Her taraf bahar kokuyor. Güneşin son kızıl ışıkları vuruyor tepelere… Tıpkı İstanbul gibi gurbetteki bu şehirde de bahar asıl leylak, erguvan ve zambakla başlıyor. Her birinin mora çalan renge göz kırpması şehre ayrı bir güzellik veriyor. Bahar mavi-mor bir alev alıyor ve bu günlerde yeşilliklerin ortasında alevin saltanatı sürüyor.
Geçtiğimiz yollarda erguvanların, leylakların her bahar bestelenen ve rengi dışında hiçbir notası birbirine benzemeyen müziğini dinliyoruz. Erguvanların kokusu olmasa da leylaklara olan komşuluklarından dolayı en güzel kokuları içlerine çekerek derin derin nefes alıyorlar. Leylaklar, erguvanlar ile aralarındaki saltanat kavgasını sulha çevirip bahara armağan ediyor. Hüzünlü güzelliğin sahibi olan rengarenk çiçekli ağaçlar, gelinlik kızlar misali salınıp duruyor geçtiğimiz yollarda. Sanki Bebek koyunda, sanki Çamlıca eteklerindeyiz. Memleket hasreti ile erguvanlar gibi yanıyor yüreğimiz. Mor salkımlar gibi buram buram memleket kokuyor kalbimiz.

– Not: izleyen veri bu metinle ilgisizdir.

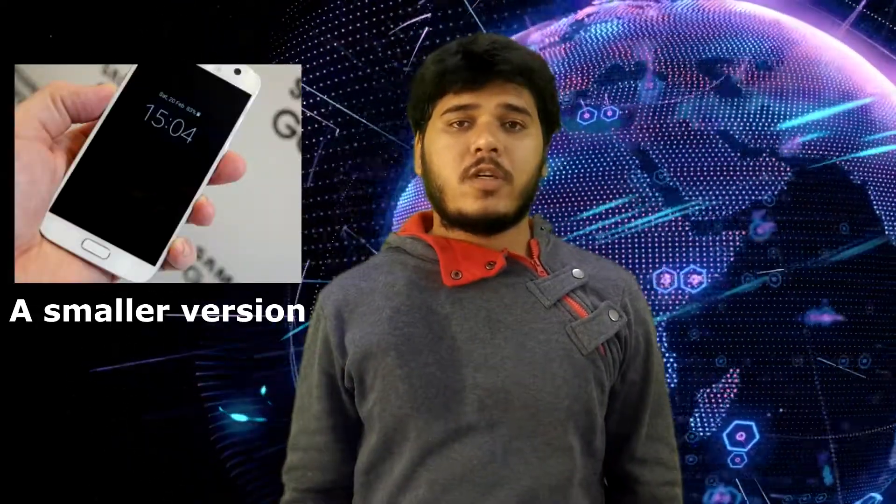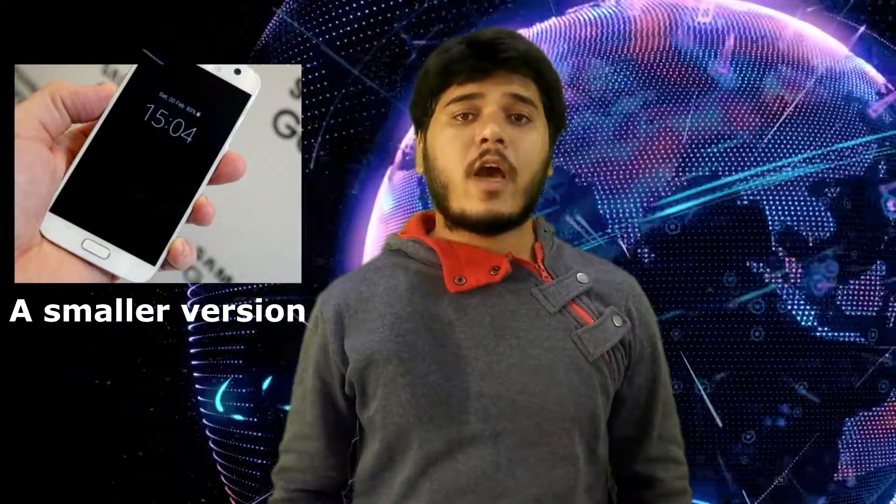2. A Smaller Version. Samsung doesn't offer an Android alternative to the iPhone SE. Instead, the company has the Galaxy S8 and S8 Plus for the mid-size and large phone lovers out there. We'd like to see Samsung embrace a smaller display on the Galaxy S9, or offer a third version that includes a smaller screen instead.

Baharın göz alıcı renkleri bizi bir gül bahçesine taşıyor. Gurbette bir grup genç oturmuş kitap okuyorlar. Bu bir avuç genci görünce sırf bu gençler için değer bu kadar memleket hasreti diyorum. İçimdeki erguvan yangınları, mor salkımlı leylakların bahar serinliğine dönüşüyor. Gurbete otağını kurmuş kültür merkezindeki pırıl pırıl gençler, “Biz ayda bir böyle bir araya gelip kitap okuyor ve kendi aramızda bir konuyu konuşuyoruz. Bu ayki konumuz kalb hayatı.” diyorlar.
Onları öyle görünce hayalim bir anda yıllar öncesine gidiyor. Hizmet Hareketi’nin ilk yeryüzü yıldızlarına. Hocaefendi’nin İzmir’deki Tahta Kulübe günleri… Hepi-topu birkaç serdeneçti... Koca şehir ya da koca bir ülke derin uykularda iken gecenin bir vaktinde Kestanepazarı Camii’nde teheccüt namazı kılıyorlar. Gecenin bağrındaki aydınlık sabaha akıyor. Kemeraltı Camii’nin müezzini Hayri Hoca geliyor. Abdullah Aymaz’a,
“Ben Hocaefendi’yi görmek istiyorum.” diyor.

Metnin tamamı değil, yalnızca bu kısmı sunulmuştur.